It was November. We were little more than a day's travel from wet-and-windy London and just 50 minutes by ferry from the egg-box apartment resorts of southern Tenerife.
The transfer is like a little round island trip. We go up and up the mountains. After 45 minutes, we reach the little fishing port of Playa de Santiago. HPBs El Balcon de Santa Ana is spectacularly located on a giant rock, just stunning, with mesmerising views across to Tenerife's Mount Teide. It's also La Gomera's sunniest spot. The resort is a haven of tranquillity.
It probably isn't for you if: you want a quick week in the sun, with easy transfers and you also wouldn't like it if you want big shops and amusement parks and other man-made attractions. Oh, and you wouldn't want to be scared of heights, have vertigo or be fearful on buses which whizz around narrow roads with sheer drops and dark tunnels.
We began this latest visit, lapping up the luxury of breakfasting on our gorgeous balcony with an awesome view of palm trees and the Atlantic. Take a deep breath. The sun is shining, it is still warm in November. ( In fact the temperatures were very high due to the Calima, a phenomenon characterised by dust from the Sahara Desert). Abundant gardens with wonderful palm trees, mixed with fantastic sea views. Nature can make you so happy! After breakfast we explored. There are staircases all over the place to keep you fit. What an excellent workout for legs and bottom!!!
Another favourite of ours is Tasca Enyesque. Amazing food. Don't be offput by the size nor that the outside seating is on the pavement - the food is well worth it - tuna was amazing.
Restaurante Kuss is located at the western end of Playa Santiago promenade, with views over the beach and harbour with some tables on the elevated terrace, particularly nice if you can book one. Food is an interesting mix of local cuisine and Asian influences, with an emphasis on seafood. Wines are good and sensibly priced.
Next door is Don Tomate. Great as long as you stick to what they are good at. Pizzas at lunchtime. The location is perfect for a sunny day overlooking the beach. Can get extremely busy at night.
The only Michelin stars you'll find here will be on the bus tyres. Don't be afraid to go into the most uninviting-looking bar because you will be welcomed and well fed.
On the little square, the locals sip coffee and have a chat, just next to a very small supermarket. And that's all there is of Playa Santiago. It's 6 euros for a taxi drive home.
Back at El Balcon the dinners in the restaurant were pretty good too. Make sure you reserve your table in advance by the website. Can recommend the Paella in the Shearwater by the pool.
I really enjoyed the stretching classes with Agneski in the garden overlooking the sea and also her aqua-aerobics.
And after all that exercise Elizabetta's one hour massage was excellent.

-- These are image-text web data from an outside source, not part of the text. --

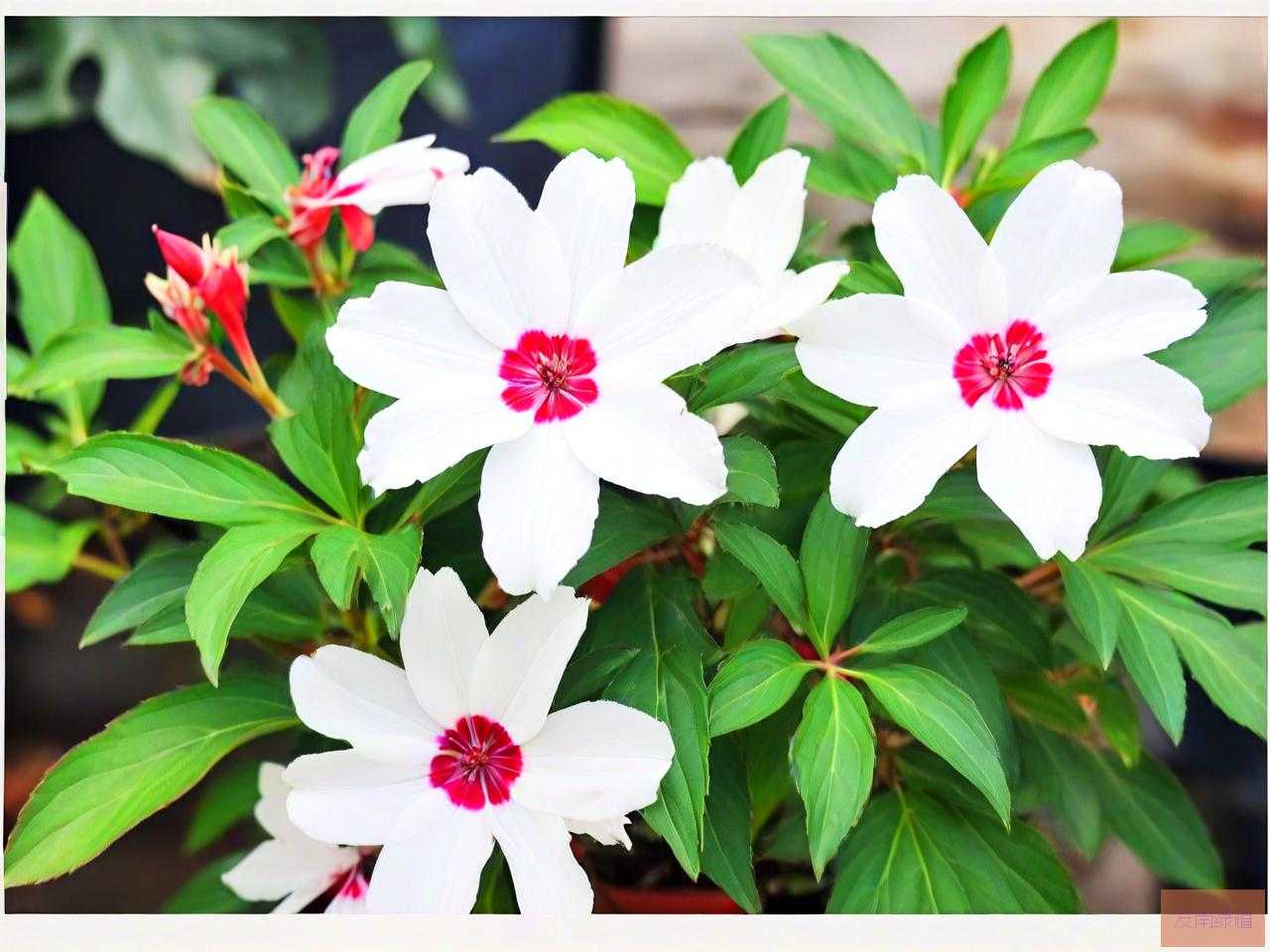 白凤仙花哪里可以买到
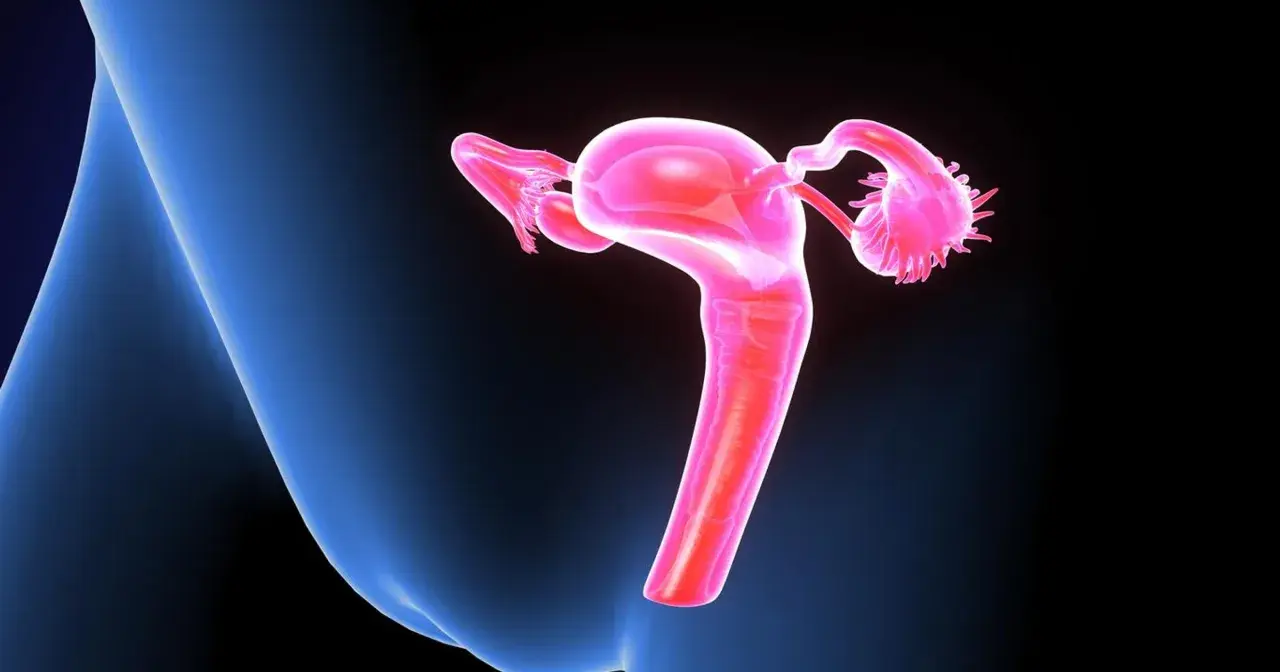 Anatomia kobiecych narządów rodnych. Kolposkopia co to? Badanie pozwala ocenić szyjkę macicy.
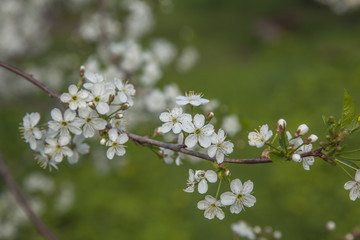 Blossoming fruit trees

Time for the ferry to Valle Gran Rey. The Benchi Express is a very modern boat which also belongs to Fred Olsen. It departs at 11.20 a.m. from the harbour and leaves Valle Gran Rey for the return at 4 pm. (Don't be late). It's perfect for a day trip. We sat outside and observed bizarre rocks on the journey. If you visit the local tourist office at Valle Gran Rey they'll tell you it was named after the Big King who once lived in this valley - but we know better. We reckon it was named after the local Stingrays. We first heard about the rays from one of our friends who told us huge rays lived in the harbour. The rays seem to like to be near the beach in the port. As soon as we arrived in Valle Gran Rey (noon) we went looking for them and sure enough we could see the huge diamond shapes swimming under the dinghies alongside the wall. We looked again at 3.30 p.m. but they had gone.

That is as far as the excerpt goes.